Bad news is hard to receive.  And it’s hard to give.  Every time I gave the bad news, I felt bad for the person I was talking to.  And I felt bad again for me.  There could be short periods of normalcy in between phone calls to family.  Then the stress would come back again – the fear, disappointment (that’s way too mild), worry, thoughts about how this would change my plans and my life.  We contacted our families and some friends, but of course, not all.  I’m very grateful for the Caring Bridge to relay information, so I won’t have to suffer through telling things over and over. 

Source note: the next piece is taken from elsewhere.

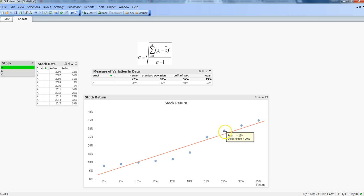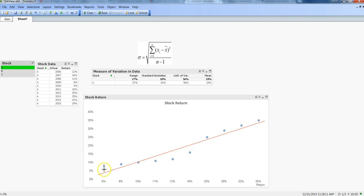At 19% mean, adding one standard deviation gives 19 + 10 = 29% as the upper limit, with only two observations above it. Subtracting one standard deviation gives 19 - 10 = 9% as the lower limit, with one value below it. So from 9% to 29%, you have only three values outside — confirming that 68% of values lie within one standard deviation. This 68% figure comes from the concept of the central limit theorem, which I'll explain in another video.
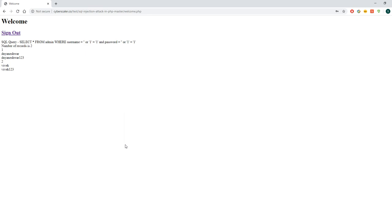As you can see, I'm able to successfully trigger the SQL injection and I got two records from the database — two usernames and passwords. So typically, once an attacker has got the username and password, we can do further damage to extract sensitive data from your business.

I feel confident that I will get great care at the Billings Clinic, and I’m sure I’ll make it through.  It won’t be easy, but life isn’t.  I guess there’s a chance I won’t make it.  Two of my sisters died from breast cancer.  Unfortunately, they had it early in their lives, and it was aggressive, especially for Tammie.  There has been a lot of research and development in breast cancer in the 14 years since she died.  I have a much better chance.  I’m grateful for the trials she went through that advanced research in treatment.  Stephie was lucky enough to be in remission for 20+ years.  She died at 60 yrs and 4 months.  I’m already past that, and I’m very healthy!  I’ll make it.

I appreciate all of your prayers.  I have a loving, supportive husband, family, and friends and access to good health care. 

Next Monday is my first appointment.  David is coming with me.  Thankfully, we are both retired and have time for this interruption in our lives.  Thankfully, I have medical insurance. 

That’s all for now, folks.  Please keep the prayers coming.